== Segment start ==

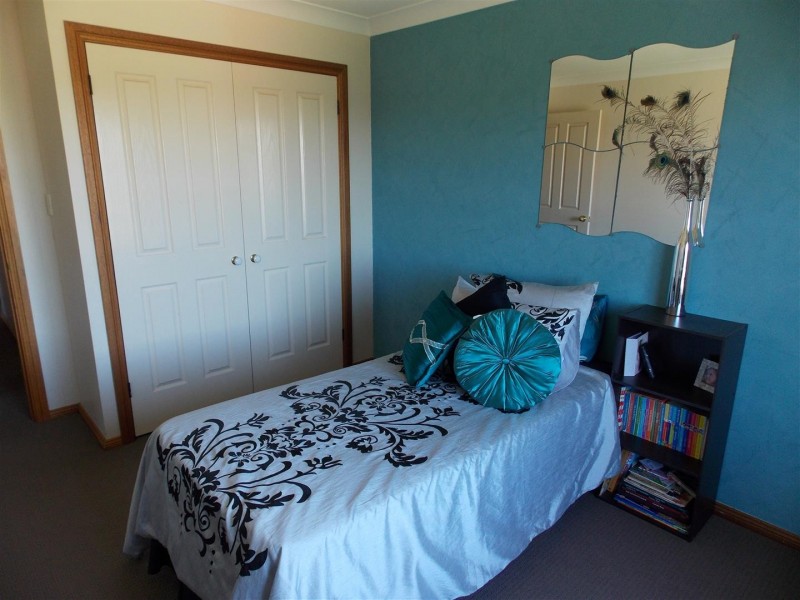 9 Glengowrie Close, Parkes NSW 2870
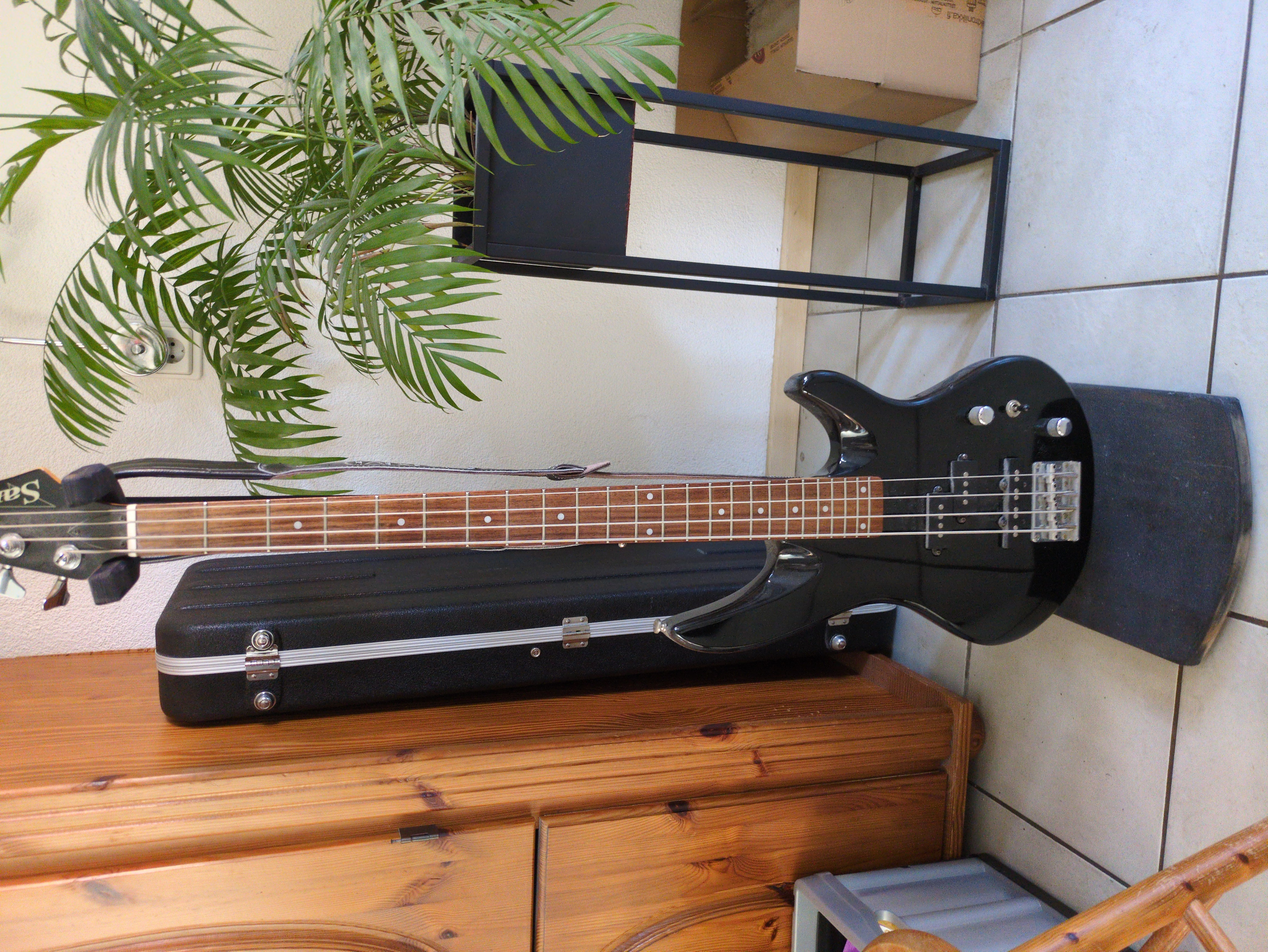 Guitar image 1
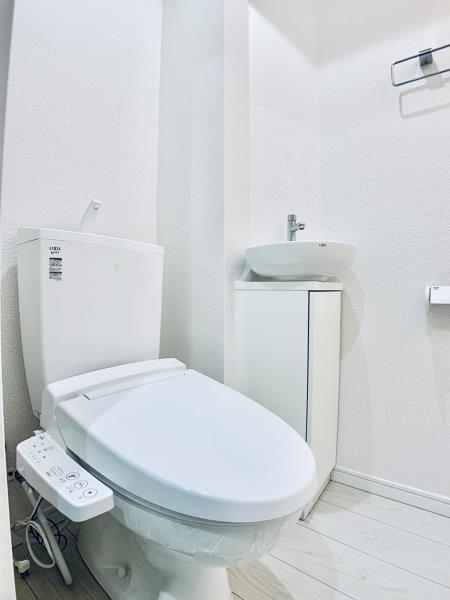 ソレイユ　アン1階 トイレ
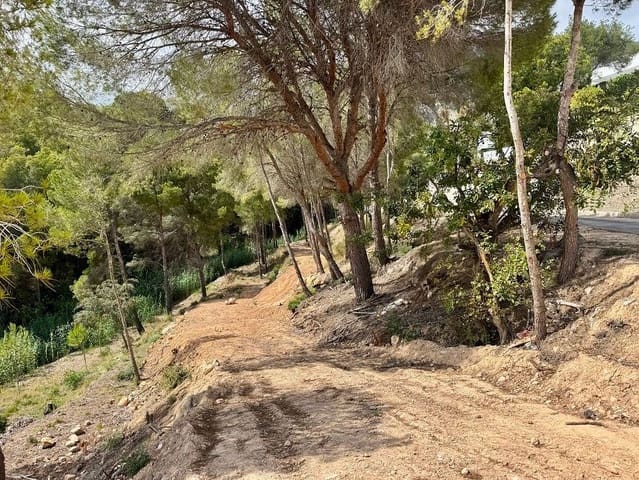 Mark till salu i Altea - 380 000 € (Ref: 9898886)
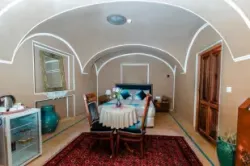 اقامتگاه سنتی عمارت ماندگار کاشان - اتاق 2 نفره (1 تخت 2 نفره)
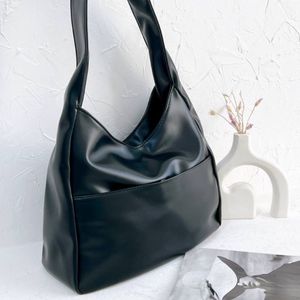 خرید آنلاین کیف دانشجویی ترند کیف لش و شل کیف رودوشی چرم شیک کیف زنانه و دخترانه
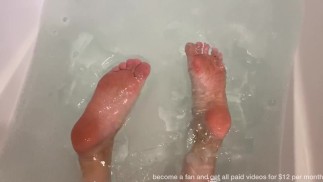 Влажные блестящие подошвы в пене для ванны заигрывают с вами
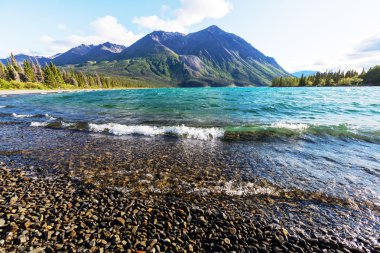 Kanada 'daki dağ gölü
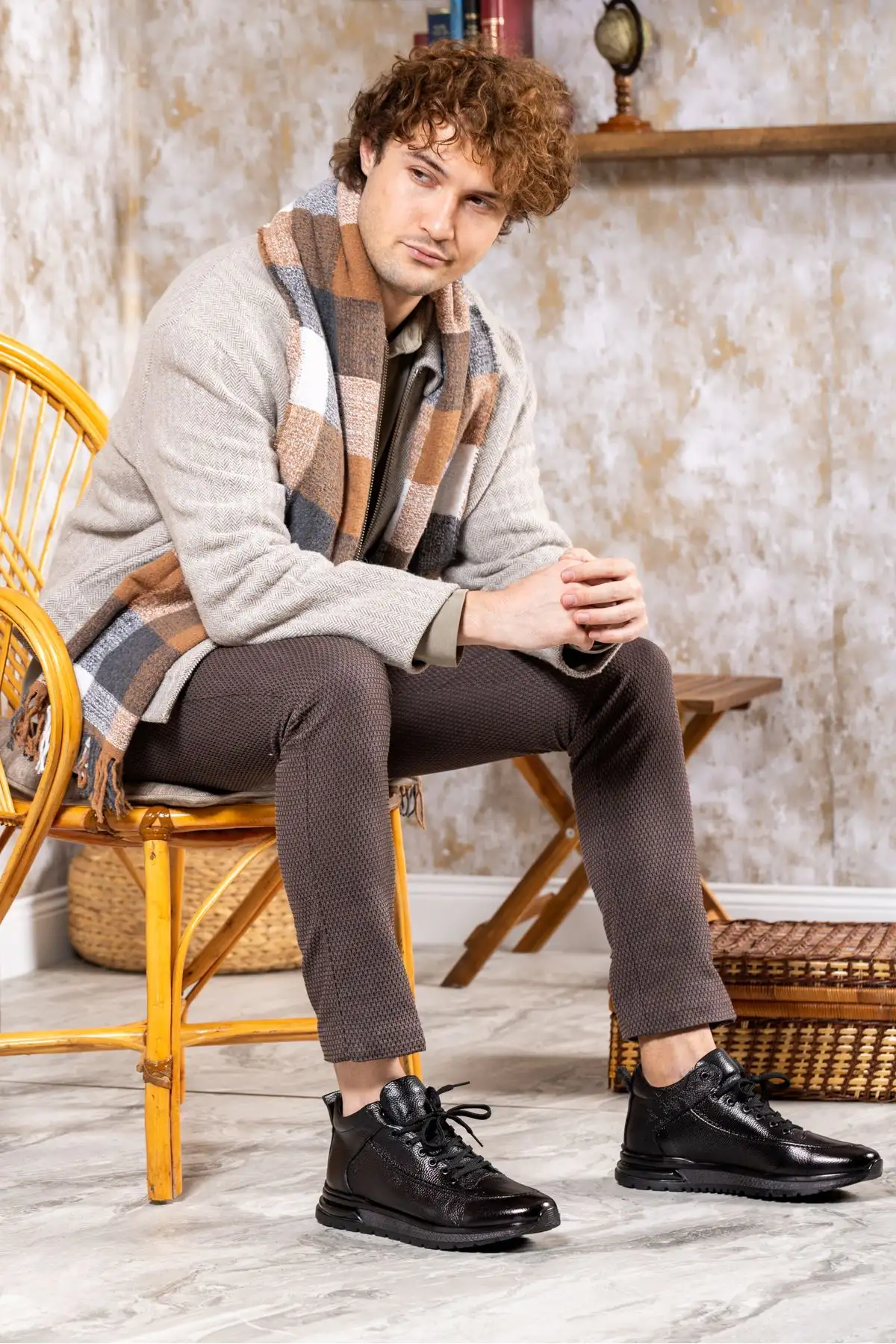 کفش روزمره مردانه   چرمی اصل،   - 7043 کفش روزمره مردانه چرمی اصل، - 7043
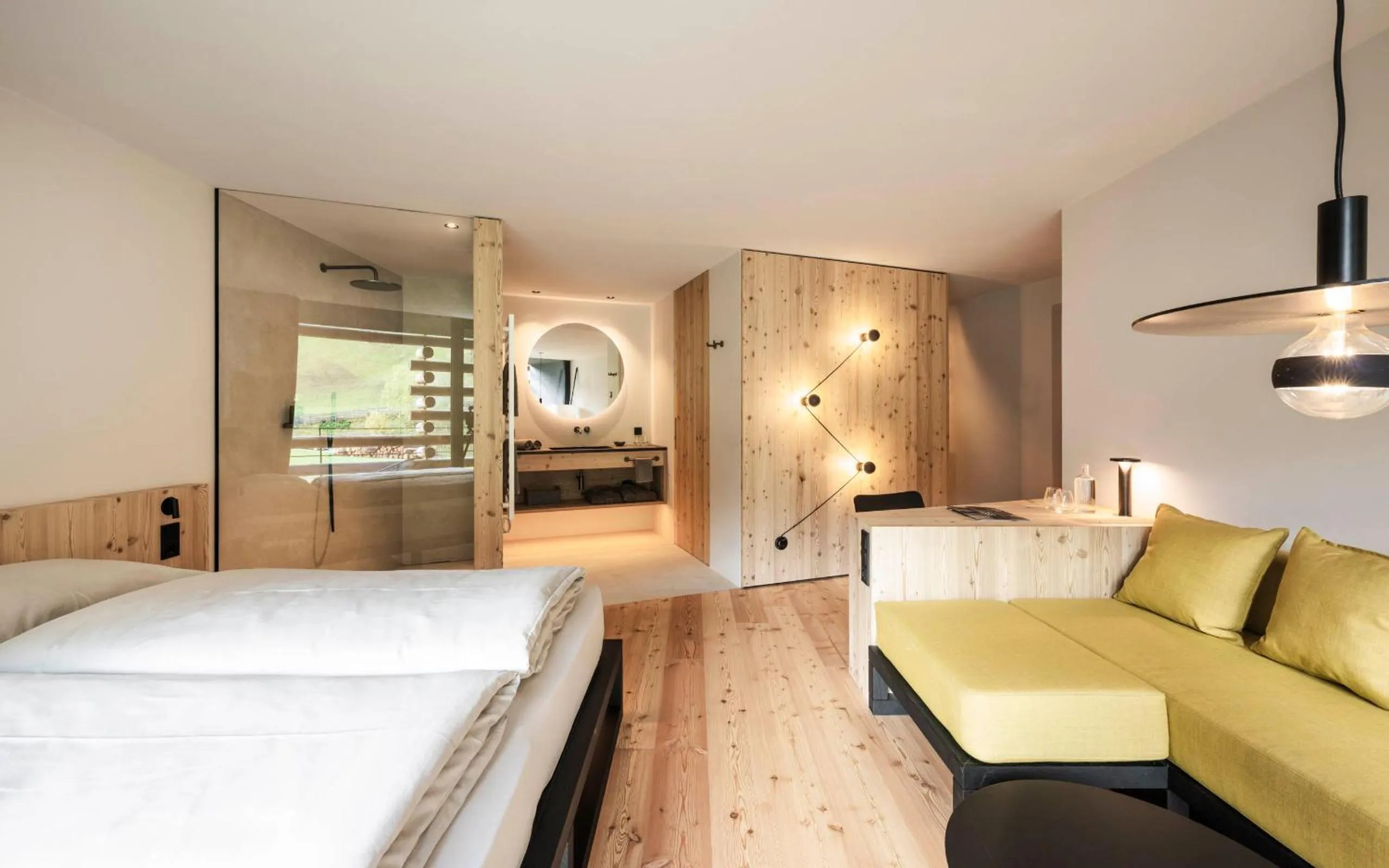 Photo of the whole room, Bed in Hotel Jaufentalerhof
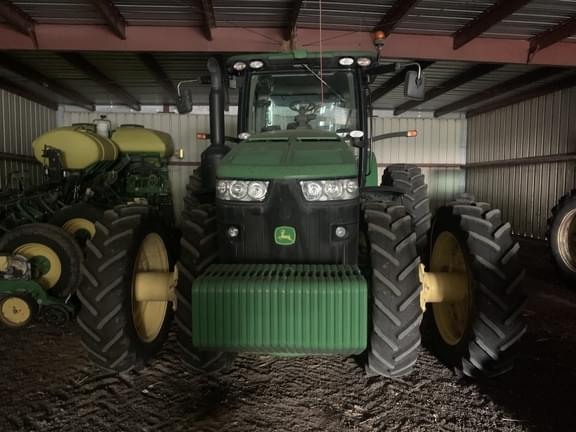 Image of John Deere 8360R equipment image 2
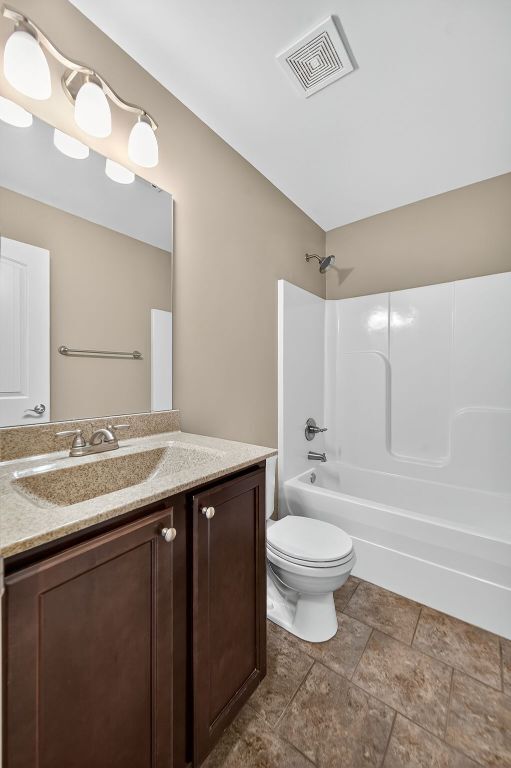 Building Photo - 303 Shadow Trace Dr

== Segment end ==

### Task details:
Pictures aside, repeat exactly every line from the top of the listing above through the line bearing "Kanada 'daki dağ gölü", inclusive.

### Answer below:
 9 Glengowrie Close, Parkes NSW 2870
 Guitar image 1
 ソレイユ　アン1階 トイレ
 Mark till salu i Altea - 380 000 € (Ref: 9898886)
 اقامتگاه سنتی عمارت ماندگار کاشان - اتاق 2 نفره (1 تخت 2 نفره)
 خرید آنلاین کیف دانشجویی ترند کیف لش و شل کیف رودوشی چرم شیک کیف زنانه و دخترانه
 Влажные блестящие подошвы в пене для ванны заигрывают с вами
 Kanada 'daki dağ gölü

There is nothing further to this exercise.